へぇ、と興味なさげに雑誌をぺらぺら捲れば、一言のフレーズが目に飛び込んでくる。

「アクセサリー?」

ムリムリ、食以外に何も考えてないようなあの大男に、そんな繊細な精神なんて無いに違いない。愛してる、とか好きだ、とかは良く聞くけど、キスくらいしかまだしてないし、付き合ってるのかと言われれば微妙なラインだ。それっぽいプレゼントも貰ってないし、きっと違うのだろうと思う。だって世の恋人達はなんだかんだで証を欲しがるものだろうし。
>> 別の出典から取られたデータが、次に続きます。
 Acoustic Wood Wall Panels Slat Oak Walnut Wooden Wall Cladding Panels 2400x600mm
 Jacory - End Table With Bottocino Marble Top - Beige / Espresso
というか、ふとリビングにおいてあったから読んでしまった物の、この雑誌は明らかに自分のものではない。とすれば必然的にこの雑誌は同居している大男、トリコの私物と言うことになるわけで。

「似合わない・・・」

しかも完全メンズ誌ではなくどちらかといえばファッション誌なそれを、あのお洒落等に疎い(勝手に思ってるだけ)のトリコが読むだろうか。でも、おいてあると言うことは読むんだろうな、と思って更にページを進めれば右ページに違和感を感じる。

「折り目?」

ページの隅を綺麗に折り曲げて印付けられているページは、なんだかんだで質問コーナー。チープな恋愛相談がいくつも並んでいる、そこにきっちりした折り目。

「なにこれ怖い。」

"一番魅力的なベッドへの誘い方は"、"上手なキスの実践方法は?"
そんな感じのちょっとピンク色っぽい質問が飛び交っているのに苦笑していると、ソファの後ろから髪の毛を引っ張られる。
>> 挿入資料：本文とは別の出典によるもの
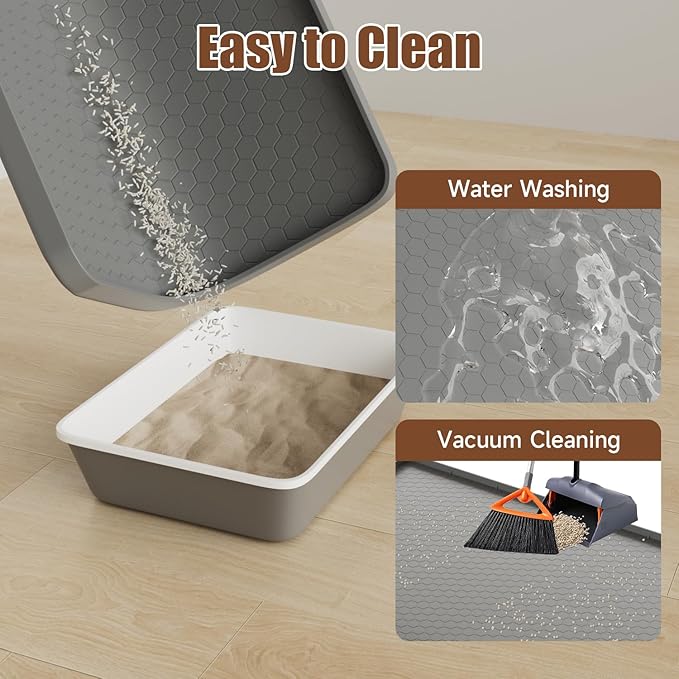 Cat Litter Mat, 34" X 22" Large Silicone Mat Kitty Litter Trapping Mat, Waterproof Silicone Pad, Soft on Kitty Paws, Urine-Proof, Easy to Clean, Non-Slip Floor Protector for Floor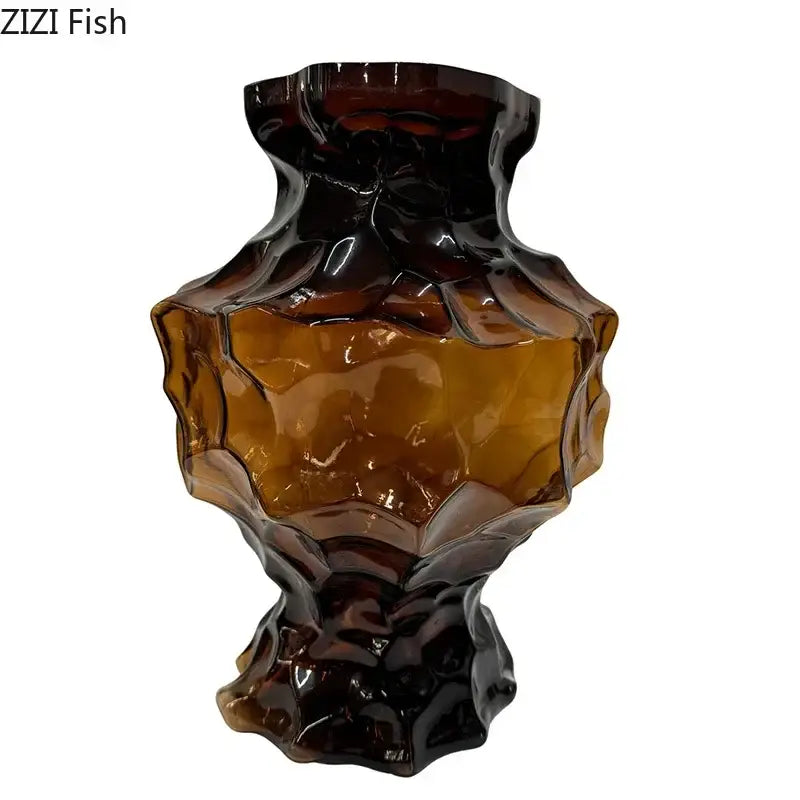Aesthetic amber irregular glass vase bedroom flower pot
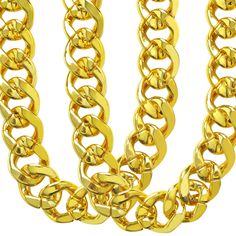 PRICES MAY VARY. Quality Material: The faux gold acrylic chain necklace is made of plastic, non-toxic and odorless, sturdy and durable, lightweight, smooth surface would not hurt your skin. Size: 2 pieces fake gold plastic chain, the width is 3.5 cm/ 1.38 inch, total length: one is 80 cm/ 31.5 inch, the other is 90 cm/ 35.4 inch. Shine Gold Color: The fake gold necklace has beautiful shine when the type of light or the sun hits the pendant, make you the focus of the party. Ideal Gift: This gold Big Gold Chains, 90s Punk, Gold Costume, Chain For Men, Costume Necklaces, Gold Chains For Men, Hip Hop Artists, Punk Style, Gold Chain Necklace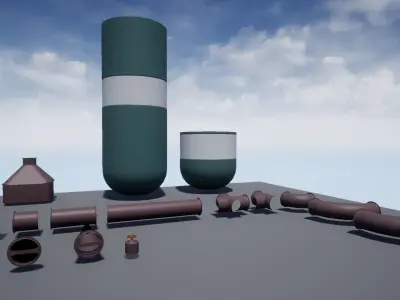 Modular Pipeworks Low-poly 3D model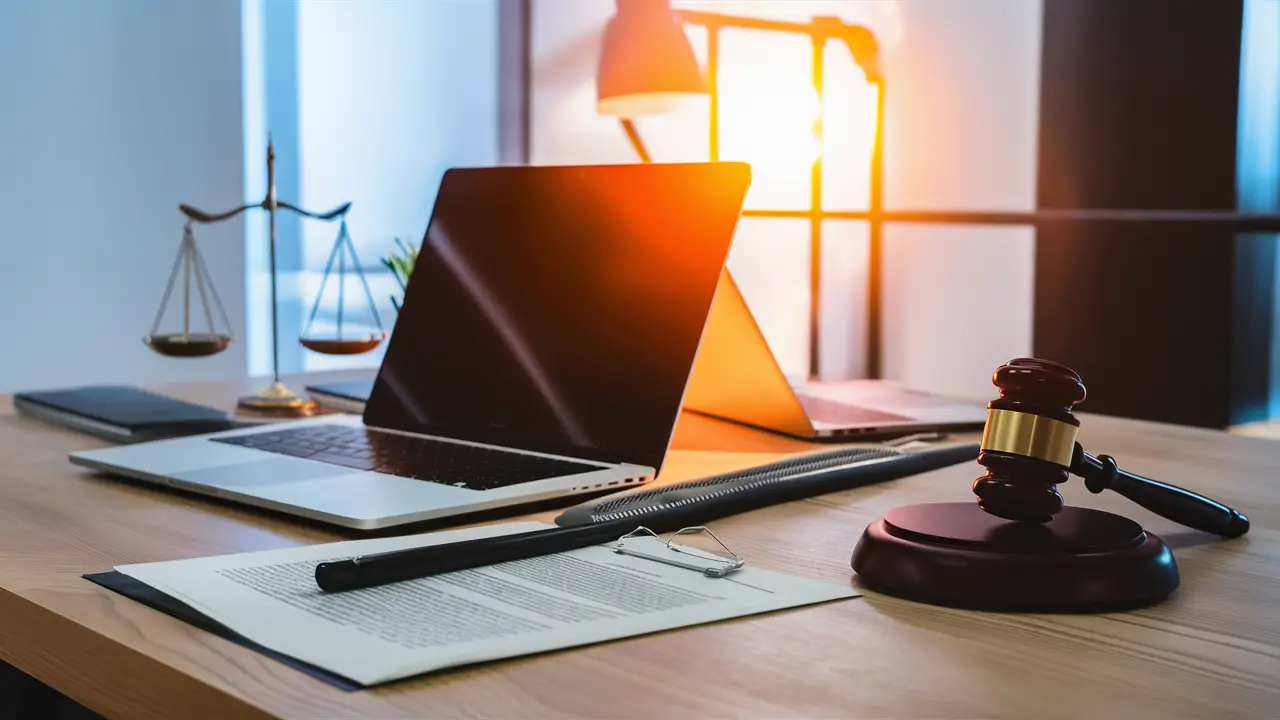 Laptop aberto em documento jurídico, martelo e balança da justiça em mesa de escritório moderna bem iluminada.
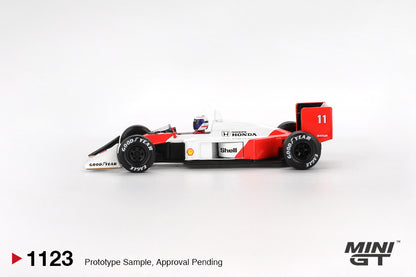 Mini GT #1123 - McLaren MP4/4 #11 Alain Prost 1988 Japanese Grand Prix 2nd Place | 1:64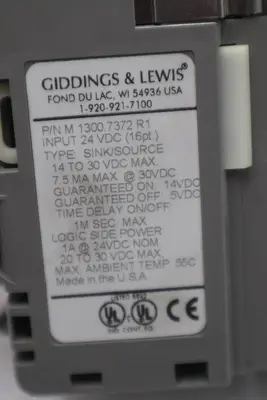 Giddings & Lewis M.1300.7372 R1 Input Module 24VDC SINK/SOURCE STOCK K-2919-A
「いでっ、ちょっと何してっ・・・・・・。トリコ、おかえりなさい。」

やべぇ、と思った。そんなに読んだこと怒るんだったら、こんなに解りやすい机の上なんかに置くな。そう言おうと思って、止める。より怒らせたら後が怖い。

「ただいま、ナマエ。 所でおまえ、何読んでるんだ?」

今明らかに自分の手の中にある雑誌は見えるだろうに、あえて聞いてくるところから、やばい、と思ってページを勢いよく閉じる。

「な・・・なにも!! 何も見てない!!」
「あ・・・? それサニーの置いていった雑誌じゃねーか。」
「へ? トリコのじゃないの?」

女性誌かファッション誌だったろ、と取り上げられた雑誌。折り目の付いたページを開いたトリコがにっこり笑う。あ、死亡フラグ立った。完全に卑猥な質問コーナー見てると思われた。

「お前も、興味あるのかと思って期待したんだがな。」
「・・・興味、無いわけではないけど・・・」

ばっ、と広げられたページにあったのは質問コーナーではなく、銀色に煌めくリングの写真の付いたカタログのページだった。折り目は左側、要するに質問ページの1ページ前のページになる。
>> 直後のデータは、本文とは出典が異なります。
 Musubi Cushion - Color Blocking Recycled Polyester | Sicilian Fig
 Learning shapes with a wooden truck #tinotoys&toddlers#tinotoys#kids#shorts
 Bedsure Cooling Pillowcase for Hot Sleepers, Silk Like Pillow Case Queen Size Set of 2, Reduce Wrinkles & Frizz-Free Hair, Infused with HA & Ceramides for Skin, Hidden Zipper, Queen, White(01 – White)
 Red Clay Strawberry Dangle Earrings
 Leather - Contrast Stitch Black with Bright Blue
「サニーに相談したら雑誌持ってきてくれてよ・・・でもまだ早かったか?」
「指輪・・・? まじで・・・?」
「おう、お前もうすぐ誕生日だろ? どうかなと思ったんだけど・・・俺やっぱ重いか?」
「ううん、全然大丈夫。 むしろトリコがそんなくれるなんて思わなかったし・・・」

酷ぇな!って軽い口調で返すトリコに、ありがとうの気持ちも込めて抱きついてみる。耳元を掠る息が少しくすぐったいが、問題にはならないレベル。首元に顔を埋めれば、少し男らしいトリコの匂いがする。

「今度、指輪、一緒に見に行くか?」
「ん、」

小さく肯定を返せば、トリコがくすりと笑って次のページを背後で捲る。無理矢理閉じたせいでどこか変に皺の付いたページを見逃すはずもなく、そこに書かれていた内容に口元をにやけさせながら、トリコはナマエに話しかける。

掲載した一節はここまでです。